━━ AVAILABLE DATA ━━
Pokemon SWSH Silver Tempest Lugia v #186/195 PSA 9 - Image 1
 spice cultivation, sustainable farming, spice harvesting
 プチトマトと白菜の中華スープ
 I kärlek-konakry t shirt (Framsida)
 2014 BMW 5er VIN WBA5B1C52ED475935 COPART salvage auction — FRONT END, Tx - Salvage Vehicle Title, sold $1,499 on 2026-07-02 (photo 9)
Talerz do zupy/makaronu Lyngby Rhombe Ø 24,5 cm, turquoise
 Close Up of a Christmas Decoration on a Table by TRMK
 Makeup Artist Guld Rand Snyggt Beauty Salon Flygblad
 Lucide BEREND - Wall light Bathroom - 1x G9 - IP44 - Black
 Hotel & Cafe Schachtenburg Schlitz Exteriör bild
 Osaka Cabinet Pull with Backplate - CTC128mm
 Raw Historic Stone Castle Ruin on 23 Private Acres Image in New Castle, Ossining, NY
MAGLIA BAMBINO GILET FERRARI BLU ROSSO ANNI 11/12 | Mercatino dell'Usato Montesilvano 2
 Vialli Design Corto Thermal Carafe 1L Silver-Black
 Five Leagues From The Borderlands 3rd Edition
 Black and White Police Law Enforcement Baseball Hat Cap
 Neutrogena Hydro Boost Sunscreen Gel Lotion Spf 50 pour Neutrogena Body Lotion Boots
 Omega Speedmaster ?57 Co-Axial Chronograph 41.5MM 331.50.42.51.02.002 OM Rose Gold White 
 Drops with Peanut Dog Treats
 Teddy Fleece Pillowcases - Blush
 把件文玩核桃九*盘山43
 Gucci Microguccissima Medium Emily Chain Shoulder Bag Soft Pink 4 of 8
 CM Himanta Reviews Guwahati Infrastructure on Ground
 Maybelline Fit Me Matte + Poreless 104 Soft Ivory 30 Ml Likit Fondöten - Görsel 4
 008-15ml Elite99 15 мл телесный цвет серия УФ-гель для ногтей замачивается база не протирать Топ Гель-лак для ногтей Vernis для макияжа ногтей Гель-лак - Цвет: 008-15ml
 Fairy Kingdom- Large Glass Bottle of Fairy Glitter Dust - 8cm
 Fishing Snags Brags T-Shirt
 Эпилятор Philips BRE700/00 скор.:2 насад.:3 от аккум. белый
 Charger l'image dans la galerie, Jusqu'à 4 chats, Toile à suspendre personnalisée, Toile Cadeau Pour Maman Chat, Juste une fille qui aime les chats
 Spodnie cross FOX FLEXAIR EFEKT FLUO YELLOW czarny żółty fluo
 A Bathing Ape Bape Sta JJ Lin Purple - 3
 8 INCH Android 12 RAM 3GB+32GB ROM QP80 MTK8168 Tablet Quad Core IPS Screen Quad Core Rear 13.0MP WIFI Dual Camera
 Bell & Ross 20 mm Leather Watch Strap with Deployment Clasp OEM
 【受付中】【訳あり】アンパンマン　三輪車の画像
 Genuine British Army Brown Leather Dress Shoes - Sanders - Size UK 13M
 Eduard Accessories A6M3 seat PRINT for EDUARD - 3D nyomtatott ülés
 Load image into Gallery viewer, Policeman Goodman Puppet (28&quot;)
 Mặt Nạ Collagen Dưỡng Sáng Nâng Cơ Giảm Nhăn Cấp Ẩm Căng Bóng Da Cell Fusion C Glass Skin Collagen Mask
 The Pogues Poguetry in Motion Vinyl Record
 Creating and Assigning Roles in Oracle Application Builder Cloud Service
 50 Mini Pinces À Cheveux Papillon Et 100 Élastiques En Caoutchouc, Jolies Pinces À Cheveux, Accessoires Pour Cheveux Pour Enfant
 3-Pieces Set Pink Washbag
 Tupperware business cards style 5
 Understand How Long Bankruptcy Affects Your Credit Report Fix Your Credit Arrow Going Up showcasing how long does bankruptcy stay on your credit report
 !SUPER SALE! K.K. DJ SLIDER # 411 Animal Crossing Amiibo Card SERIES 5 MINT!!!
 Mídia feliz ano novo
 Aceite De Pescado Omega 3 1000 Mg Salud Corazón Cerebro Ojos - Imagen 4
━━━
— REQUIREMENT —
From the records above, print only the lines between the one holding "Bell & Ross" and the one holding "Understand How Long", inclusive, exactly as they stand.

— COMPLETED EXERCISE —
 Bell & Ross 20 mm Leather Watch Strap with Deployment Clasp OEM
 【受付中】【訳あり】アンパンマン　三輪車の画像
 Genuine British Army Brown Leather Dress Shoes - Sanders - Size UK 13M
 Eduard Accessories A6M3 seat PRINT for EDUARD - 3D nyomtatott ülés
 Load image into Gallery viewer, Policeman Goodman Puppet (28&quot;)
 Mặt Nạ Collagen Dưỡng Sáng Nâng Cơ Giảm Nhăn Cấp Ẩm Căng Bóng Da Cell Fusion C Glass Skin Collagen Mask
 The Pogues Poguetry in Motion Vinyl Record
 Creating and Assigning Roles in Oracle Application Builder Cloud Service
 50 Mini Pinces À Cheveux Papillon Et 100 Élastiques En Caoutchouc, Jolies Pinces À Cheveux, Accessoires Pour Cheveux Pour Enfant
 3-Pieces Set Pink Washbag
 Tupperware business cards style 5
 Understand How Long Bankruptcy Affects Your Credit Report Fix Your Credit Arrow Going Up showcasing how long does bankruptcy stay on your credit report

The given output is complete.